Uma falsificação do problema consistiria em dissolvê-lo na diversidade de Weltanschauungen, quer dizer, em compreender a filosofia como o espelho que dá unidade cultural a uma determinada época. E isto em nome do bem conhecido argumento que diz que a filosofia das concepções do mundo, fazendo soçobrar a problemática filosófica dentro de certos limites do horizonte histórico, só pode fazê-lo em nome de uma filosofia, e esta, por sua vez, coloca, em pé de igualdade com qualquer outra, o problema de sua validez. E, dentro da perspectiva que estamos examinando, este historicismo também não poderia fugir, como qualquer outra modalidade de filosofia, ao problema da atitude inicial do filosofar.

Vale dizer que a legitimidade da filosofia não pode obedecer a uma pesquisa reduzida ao estritamente histórico, pois se se trata de legitimidade, o plano meramente histórico, a quaestio facti, revela-se por definição insuficiente e deve ser transcendido. Ou bem a perspectiva historicista, em qualquer de suas modalidades, é correta, e neste caso o nosso problema a rigor não existe, pois se confundiria simplesmente com uma espécie de culturologia ou tipologia, exigindo da filosofia a abdicação de seus foros de ciência: ela não passaria, portanto, de uma espécie de morfologia filosófico-cultural, que jamais seria total e completa, incidindo naquela fragmentação a que nos referimos acima; ou então, contrariamente, devemos admitir o erro em que incide o historicismo, impondo-se a tarefa de julgá-lo — transcendendo-o consequentemente — assim como se julga qualquer outra filosofia.
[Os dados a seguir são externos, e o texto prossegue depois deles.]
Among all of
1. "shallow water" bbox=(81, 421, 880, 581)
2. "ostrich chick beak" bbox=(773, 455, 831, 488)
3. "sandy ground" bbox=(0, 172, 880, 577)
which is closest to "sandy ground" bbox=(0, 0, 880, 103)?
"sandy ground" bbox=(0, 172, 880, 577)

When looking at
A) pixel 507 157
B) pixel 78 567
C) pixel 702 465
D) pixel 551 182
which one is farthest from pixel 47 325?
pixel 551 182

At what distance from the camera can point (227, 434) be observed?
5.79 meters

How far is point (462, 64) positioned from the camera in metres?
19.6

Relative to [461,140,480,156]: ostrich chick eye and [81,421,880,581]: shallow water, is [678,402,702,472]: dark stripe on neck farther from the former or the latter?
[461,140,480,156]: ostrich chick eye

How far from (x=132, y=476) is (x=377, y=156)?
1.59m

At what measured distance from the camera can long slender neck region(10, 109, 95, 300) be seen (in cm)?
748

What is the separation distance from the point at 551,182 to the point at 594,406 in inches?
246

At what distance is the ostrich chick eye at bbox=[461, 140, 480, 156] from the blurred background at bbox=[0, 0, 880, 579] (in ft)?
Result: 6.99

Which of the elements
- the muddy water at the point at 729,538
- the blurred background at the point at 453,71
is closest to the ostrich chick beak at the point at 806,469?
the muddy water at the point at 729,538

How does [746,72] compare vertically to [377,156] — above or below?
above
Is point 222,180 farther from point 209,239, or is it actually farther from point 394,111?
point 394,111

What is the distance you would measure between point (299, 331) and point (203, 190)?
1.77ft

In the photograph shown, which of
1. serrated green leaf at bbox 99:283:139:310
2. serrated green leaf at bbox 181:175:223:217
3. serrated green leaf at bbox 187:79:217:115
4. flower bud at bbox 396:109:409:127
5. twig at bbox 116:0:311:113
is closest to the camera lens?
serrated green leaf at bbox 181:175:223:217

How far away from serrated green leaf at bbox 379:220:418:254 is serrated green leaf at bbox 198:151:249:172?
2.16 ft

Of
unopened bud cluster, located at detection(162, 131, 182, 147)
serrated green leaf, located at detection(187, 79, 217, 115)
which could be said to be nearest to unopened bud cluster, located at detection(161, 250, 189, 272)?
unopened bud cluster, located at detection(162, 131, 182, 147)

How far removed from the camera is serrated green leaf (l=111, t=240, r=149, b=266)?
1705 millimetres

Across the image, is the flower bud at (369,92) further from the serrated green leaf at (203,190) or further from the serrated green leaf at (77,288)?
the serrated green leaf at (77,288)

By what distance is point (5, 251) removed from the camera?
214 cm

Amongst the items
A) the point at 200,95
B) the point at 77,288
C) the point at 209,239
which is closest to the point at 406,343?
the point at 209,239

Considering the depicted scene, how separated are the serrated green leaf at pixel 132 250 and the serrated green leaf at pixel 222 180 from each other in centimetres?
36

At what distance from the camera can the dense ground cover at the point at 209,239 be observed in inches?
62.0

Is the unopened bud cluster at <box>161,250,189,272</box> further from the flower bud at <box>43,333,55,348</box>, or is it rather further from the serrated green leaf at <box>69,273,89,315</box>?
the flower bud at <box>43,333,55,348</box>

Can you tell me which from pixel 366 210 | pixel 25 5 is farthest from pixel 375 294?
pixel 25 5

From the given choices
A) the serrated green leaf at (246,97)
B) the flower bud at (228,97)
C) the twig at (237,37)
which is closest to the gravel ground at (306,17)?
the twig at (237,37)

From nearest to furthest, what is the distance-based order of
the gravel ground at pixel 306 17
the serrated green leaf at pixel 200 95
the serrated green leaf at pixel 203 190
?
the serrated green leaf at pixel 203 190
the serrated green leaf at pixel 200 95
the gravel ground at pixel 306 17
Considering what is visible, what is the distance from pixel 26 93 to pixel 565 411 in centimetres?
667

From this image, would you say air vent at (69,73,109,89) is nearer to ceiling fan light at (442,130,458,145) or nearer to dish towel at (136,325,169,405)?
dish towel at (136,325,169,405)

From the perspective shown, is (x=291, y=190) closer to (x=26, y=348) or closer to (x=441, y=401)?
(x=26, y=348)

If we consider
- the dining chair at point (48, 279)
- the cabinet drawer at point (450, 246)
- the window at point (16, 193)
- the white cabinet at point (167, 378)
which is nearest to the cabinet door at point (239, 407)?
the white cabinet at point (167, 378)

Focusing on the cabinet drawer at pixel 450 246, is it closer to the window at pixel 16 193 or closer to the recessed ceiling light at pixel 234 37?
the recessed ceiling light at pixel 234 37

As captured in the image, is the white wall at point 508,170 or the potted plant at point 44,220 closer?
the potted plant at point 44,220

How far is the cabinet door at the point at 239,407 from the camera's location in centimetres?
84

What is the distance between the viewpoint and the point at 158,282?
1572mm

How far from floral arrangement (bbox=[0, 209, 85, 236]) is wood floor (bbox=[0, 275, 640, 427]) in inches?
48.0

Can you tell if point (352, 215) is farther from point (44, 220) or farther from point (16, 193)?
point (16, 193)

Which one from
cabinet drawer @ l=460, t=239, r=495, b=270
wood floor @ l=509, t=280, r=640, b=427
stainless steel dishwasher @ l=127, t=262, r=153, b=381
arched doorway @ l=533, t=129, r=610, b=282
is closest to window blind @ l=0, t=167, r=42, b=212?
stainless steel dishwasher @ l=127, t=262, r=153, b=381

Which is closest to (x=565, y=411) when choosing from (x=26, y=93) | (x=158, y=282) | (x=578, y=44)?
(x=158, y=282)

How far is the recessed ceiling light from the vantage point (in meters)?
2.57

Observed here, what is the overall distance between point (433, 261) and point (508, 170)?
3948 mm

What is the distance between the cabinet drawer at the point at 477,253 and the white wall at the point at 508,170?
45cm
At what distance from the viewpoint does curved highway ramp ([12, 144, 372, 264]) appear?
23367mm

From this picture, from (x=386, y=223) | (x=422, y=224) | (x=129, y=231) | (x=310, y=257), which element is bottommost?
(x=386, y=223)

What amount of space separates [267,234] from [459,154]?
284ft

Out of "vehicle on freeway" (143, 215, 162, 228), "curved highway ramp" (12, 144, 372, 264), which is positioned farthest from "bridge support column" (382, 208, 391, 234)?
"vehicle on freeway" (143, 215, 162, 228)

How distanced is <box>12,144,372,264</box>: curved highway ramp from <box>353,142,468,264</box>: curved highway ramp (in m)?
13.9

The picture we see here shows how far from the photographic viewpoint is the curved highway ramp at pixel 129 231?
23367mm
Portanto, se quisermos manter de pé o nosso problema, somos obrigados a dar razão a Husserl, quando, em uma de suas obras, distingue filosofia e Weltanschauung: “A história, a ciência empírica do espírito em geral, é incapaz de decidir com seus próprios meios, em um ou outro sentido, se se pode distinguir a religião como forma particular de cultura, da religião como ideia, isto é, como religião válida; se é necessário distinguir da arte, forma da cultura, a arte válida; do direito histórico o direito válido; e finalmente se é necessário distinguir entre a filosofia no sentido histórico e a filosofia válida; se há ou não entre uns e outros a relação da ideia, no sentido platônico da palavra, com a forma velada de sua aparição”.6 Embora não possamos aceitar integralmente o extremo rigorismo desta distinção, típica do “cientificismo” do Pai da Fenomenologia, cabe reconhecer que o próprio Husserl não deixa de acentuar o imenso valor da história para o filósofo.7

De fato, para o problema em discussão, o mérito fundamental do historicismo, além da enorme riqueza de material que possa oferecer a sua modalidade de pesquisa, consiste, malgrado as suas limitações, em ter recolocado o problema da natureza da filosofia, bem como o da atitude inicial do filosofar, que decorre daquele. Pois se tocamos aqui no problema do historicismo, não é para mostrar a incompatibilidade de uma posição imanentista em face da natureza própria da filosofia — que foge ao tema proposto — porém para destacar ainda mais a importância da motivação na atitude inicial do filosofar. E aqui temos um problema que, se mergulha profundamente em condições sócio-culturais,se determina sobretudo a partir do telos que lhe é próprio: a busca da verdade.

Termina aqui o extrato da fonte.